*** Opening SOURCE INFORMATION ***

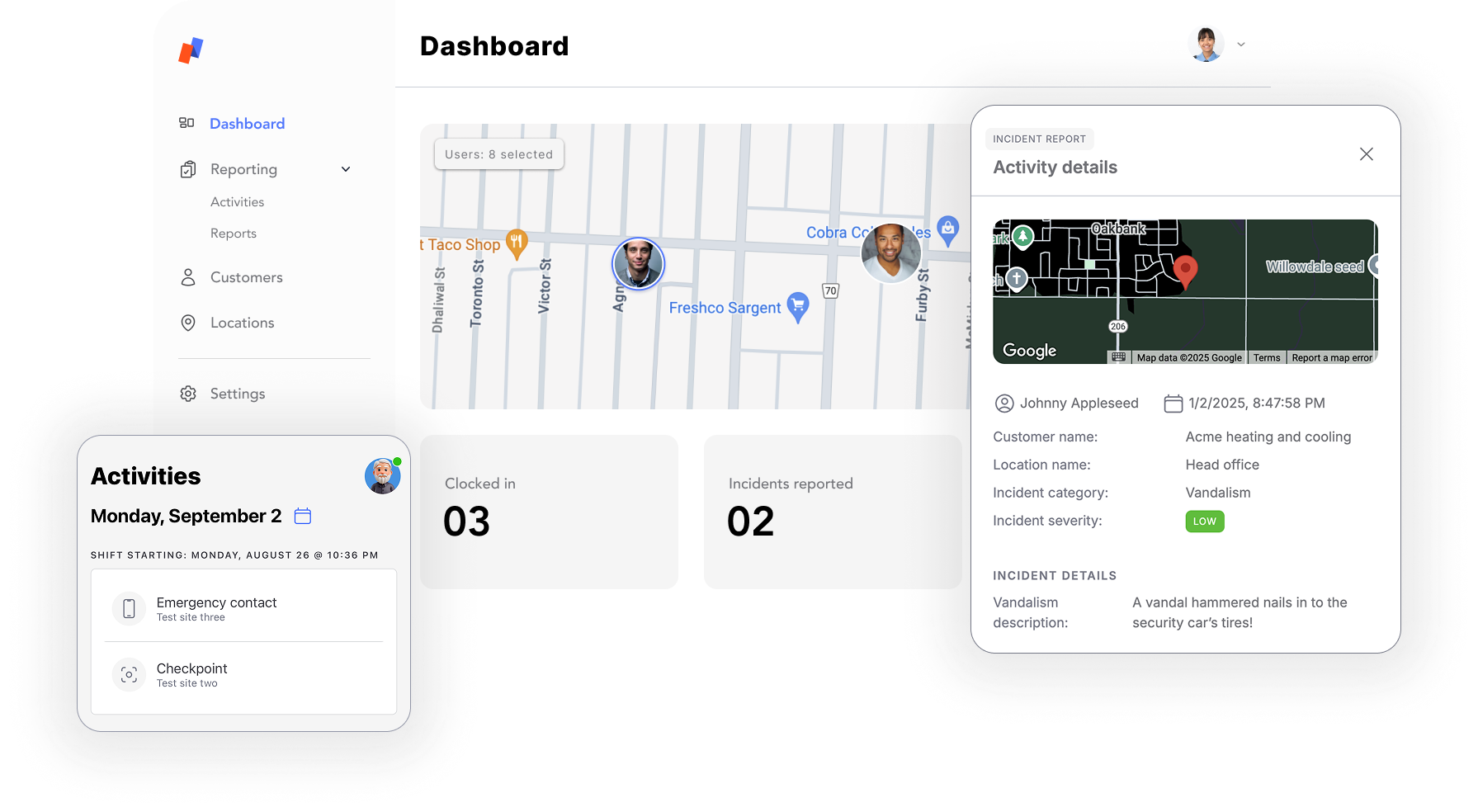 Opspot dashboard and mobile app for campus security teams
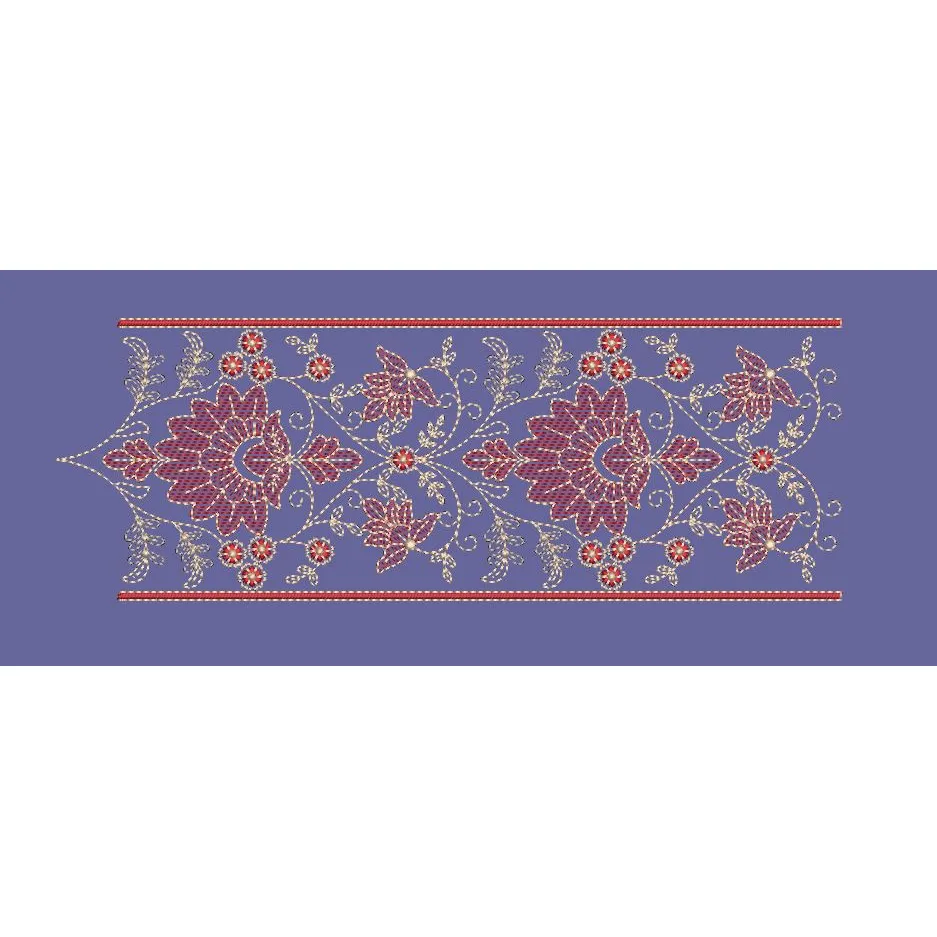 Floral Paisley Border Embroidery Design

*** Closing SOURCE INFORMATION ***
*** Opening SOURCE INFORMATION ***

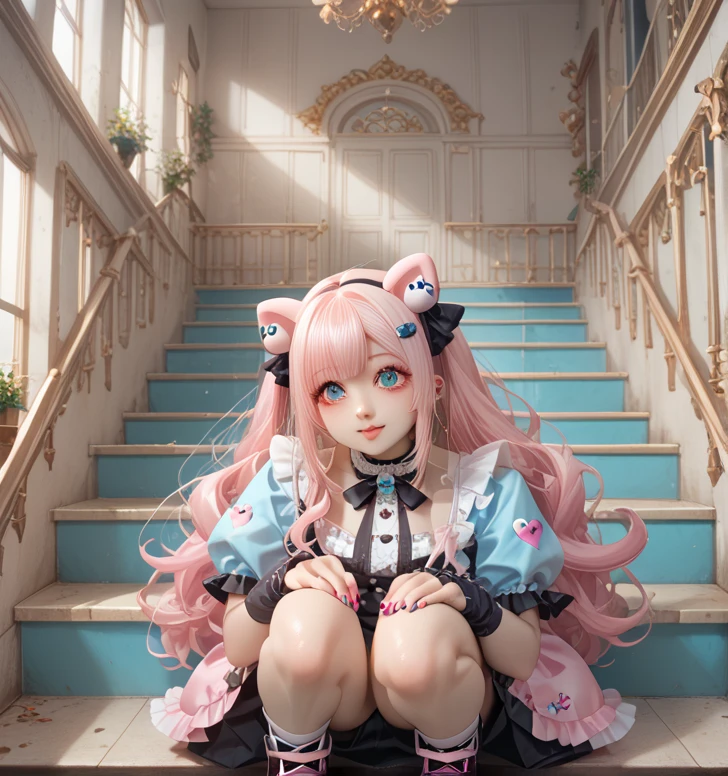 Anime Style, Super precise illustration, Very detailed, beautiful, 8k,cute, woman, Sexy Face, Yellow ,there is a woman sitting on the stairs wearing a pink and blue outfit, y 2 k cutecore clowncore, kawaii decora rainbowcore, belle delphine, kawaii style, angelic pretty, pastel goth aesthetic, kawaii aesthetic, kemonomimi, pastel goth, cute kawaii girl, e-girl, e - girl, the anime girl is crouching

*** Closing SOURCE INFORMATION ***

> _TASK INSTRUCTIONS_: Write back the stretch of lines above that begins with the line holding "Opspot dashboard and" and ends with the line holding "Floral Paisley Border Embroidery Design", both included, exactly as written. Pictures stay out.

> _OUTPUT OF THE EXERCISE_:
 Opspot dashboard and mobile app for campus security teams
 Floral Paisley Border Embroidery Design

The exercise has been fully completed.